Standard C/C++

Columns

Standard C/C++

P. J. Plauger

The Facet ctype

Classifying characters is still an important operation in many C++ programs, but it now involves considerably more machinery in the presence of multiple locale objects.

Introduction

One of the early strengths of C was its ability to manipulate characters cleanly and rapidly. The char data type, pointers, character literals, and string literals together provide a powerful notation — far easier to use than the earlier machineries of assembly language or Fortran. C programmers certainly didn't invent text processing, but they quickly achieved major advances in the quality, flexibility, and speed of software tools for manipulating text.

It should come as no surprise that the header <ctype.h> is one of the earliest additions to what is now the Standard C library. Classifying characters and mapping between character cases are among the commonest operations in text processing. It is not uncommon for a text processor to apply several classification tests to each character it reads. The character-classification functions, just like getchar and its buddies, can thus have a profound effect on the overall performance of a program.

Consider the simple function isalnum(int ch). It accepts as an argument either a non-negative character code, which is essentially (int)(unsigned char)ch, or a negative end-of-file code, EOF. In the interest of good performance, the function is not obliged to test for any argument values outside this range. The traditional implementation is to define EOF as -1 and to use ch as an index into an array of characters. Each element of the array stores a classification mask for the character code that indexes the element. ANDing the array element with a particular union of classification bits makes for a rapid test.

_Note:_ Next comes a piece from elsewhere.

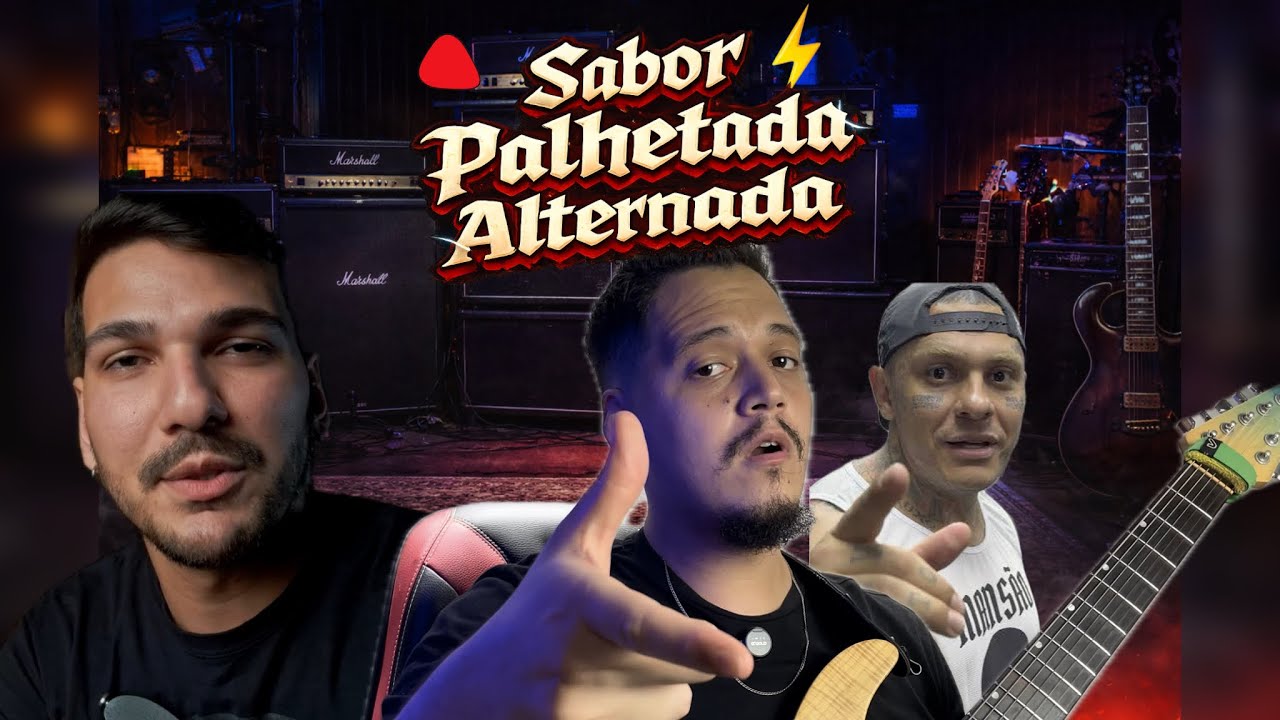 A TÉCNICA SABOR PALHETADA ALTERNADA NA GUITARRA 🎸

A typical implementation goes one step farther. It eliminates the overhead of a function call by providing a masking macro. My implementation of the Standard C library, for example, contains the following macro definition in the header <ctype.h>:
#define isalnum(ch) (_Ctype[ch] & (_DI|_LO|_UP|_XA))
(See "Standard C: Implementing <ctype.h>," CUJ, November 1990. It's on the CUJ CD-ROM, if you don't keep a giant stack of back issues, as I do.)

Here, _Ctype is a static pointer supplied by the library. It points to element number 1 of a 257-element array of masks, for a typical environment with eight-bit bytes. The constant _DI specifies the mask bit that signifies a digit. Similarly, _LO signifies a lower-case character, _UP signifies an upper-case character, and _XA signifies any "extra" alphabetic characters that might be none of the above. The last category matters only in locales other than the standard "C" locale that have a more elaborate alphabet than is required by English.

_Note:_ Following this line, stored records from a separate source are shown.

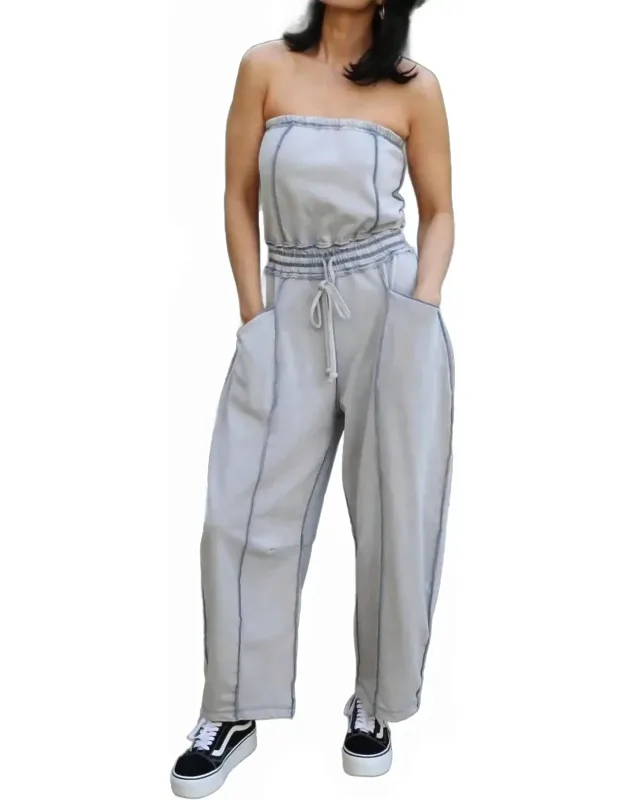 Barrel Leg Jumpsuit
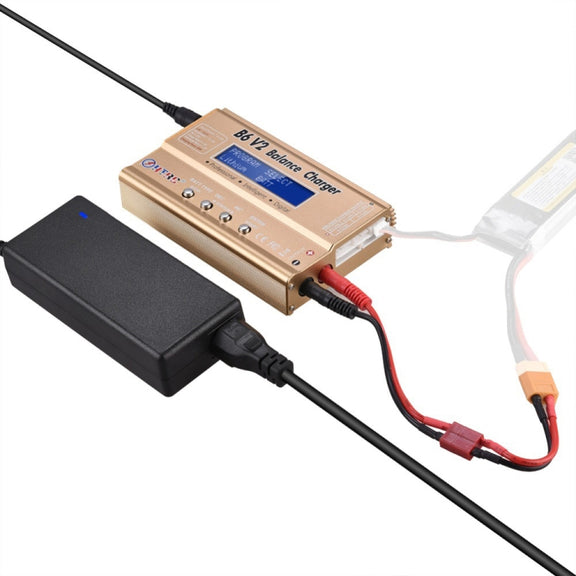 HTRC B6 V2 Model Airplane Charger Smart Balance Charger, UK Plug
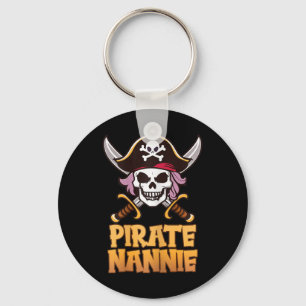 Pirate Nannie Funny Captain Grandma Halloween Cost Schlüsselanhänger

I've recited all this basic information to emphasize a simple point. In a typical C program, the expression isalnum(ch) is blindingly fast. It effectively adds an integer to a static pointer, picks up the mask word designated by the resulting pointer, and ANDs it with a constant integer. If the result is nonzero, you know that ch is classified as an alphanumeric character.

The standardization of C made character classification a bit more complex, but not necessarily any slower. (See my introduction to this topic last month, "Standard C/C+: Introduction to Locales," CUJ, October 1997.) A call to the library function setlocale, declared in <locale.h> can change the rules for character classification during program execution. An alternate locale can add characters to certain classifications in the "C" locale, as I indicated above, but it can't take any away. In any event, all an implementation has to do is change the value stored in _Ctype to point at a new classification table. The macros in <ctype.h> can still work, and they can remain as fast as ever.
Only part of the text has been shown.